How Groo Grew Elephant News


Njoki Kibanya

Date Published

Fifteen years ago Melissa Groo took on the challenge of creating an Elephant News Service to keep all of the people interested in the science, management, and conservation of elephants informed of the latest happenings in Africa, Asia and around the world. Melissa was so successful that the name Melissa Groo became synonymous with the latest Elephant News, and “did you see the story on Groo?” became a common refrain in elephant conference coffee breaks!

It all began in 2001, when Melissa – then a writer, photographer and committed elephant conservationist who worked on Katy Payne’s Elephant Listening Project – began scouring the world for news stories, research results, new publications, conference details and other resources concerning wild elephants and the ivory trade to share with Save the Elephants News Service subscribers.
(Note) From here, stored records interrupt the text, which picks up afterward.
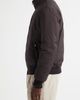Thom Sweeney Thom Sweeney Water Resistant Japanese Nylon Bomber Jacket - 3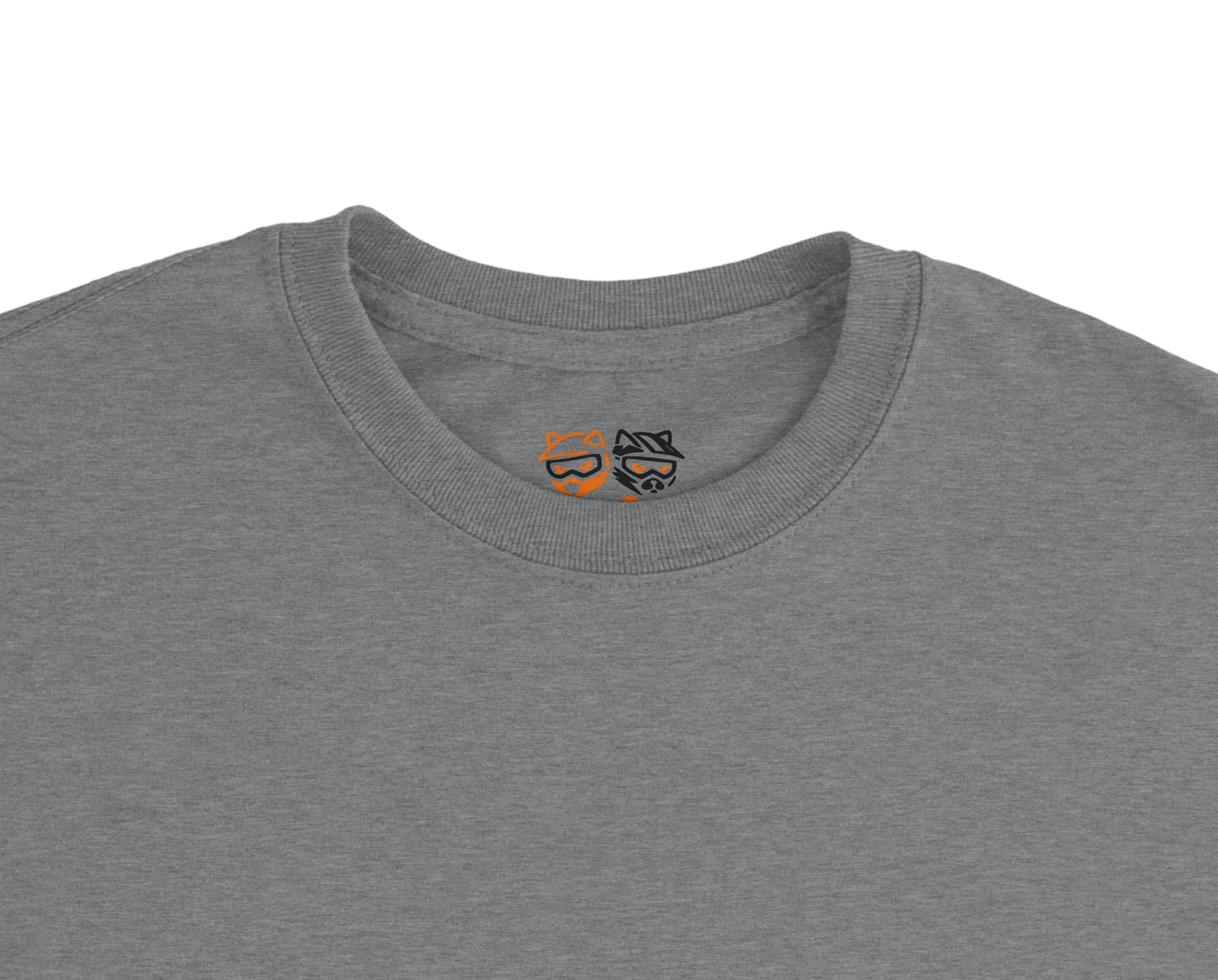 MZ Classic Motorcycle | T-Shirt | Thick Cotton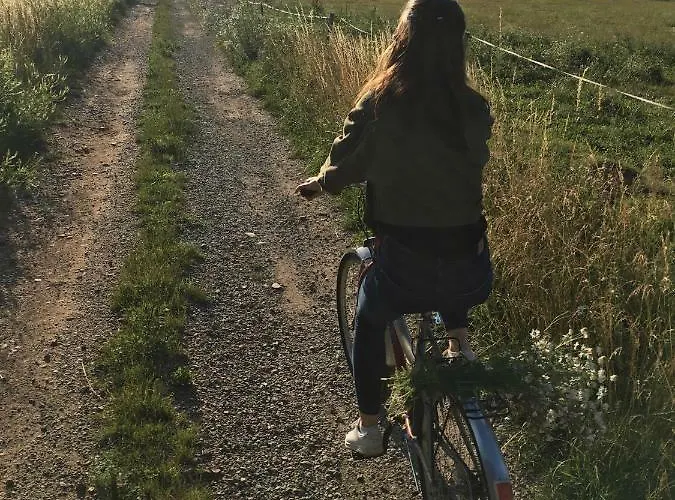 Siedem łanów * Radkow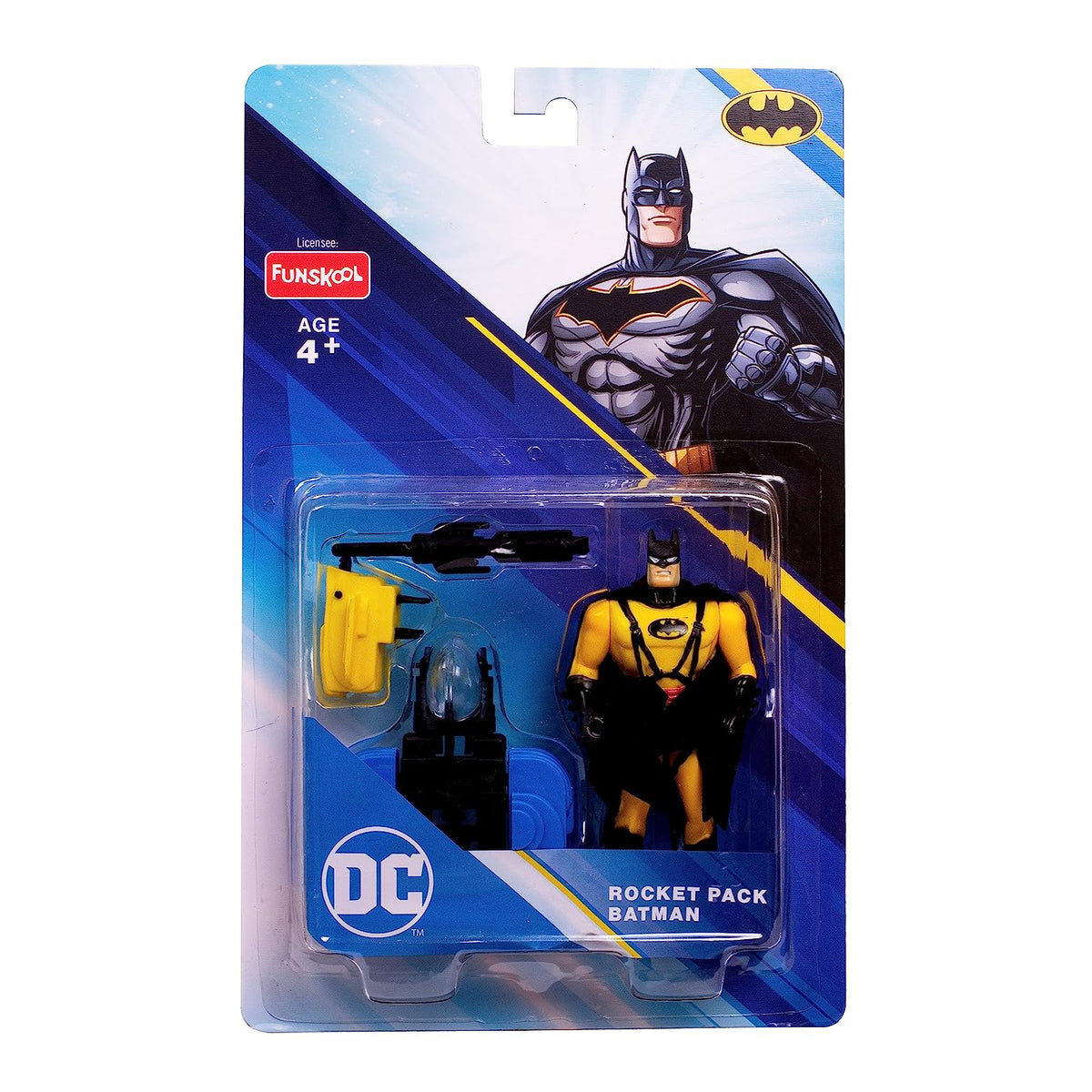 Batman Rocket Pack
Even in the age of Google Searches, the Elephant News Service is still gathering subscribers, and we continue to receive testimonials as to the importance of the service. Currently 1,400 people receive news of African elephants, over 800 get news from Asia and nearly 500 subscribe to science updates. In 2010, the Smithsonian approached Melissa to help with press information for a paper analysing Human Elephant Conflict in Asia and this was published in the journal Gajah with Melissa as second author. (Doyle, S. et al. 2010. Human-elephant conflict—What can we learn from the news?)

Melissa lives in upstate New York and is also a professional wildlife photographer and has received several honours and awards in photography contests, most recently winning the Audubon Grand Prize, in April 2015. Melissa has now decided to dedicate herself full time to photography and has therefore handed the baton to a new team to continue her work.

While we are of course sad that she is leaving, we are most grateful for her over 15 years of dedication to keeping the world informed of the challenges elephants face, and we wish her the very best in the future! It will certainly be a glowing one – one look at Melissa’s website will leave you in no doubt as to her glowing prospects as a wildlife photographer!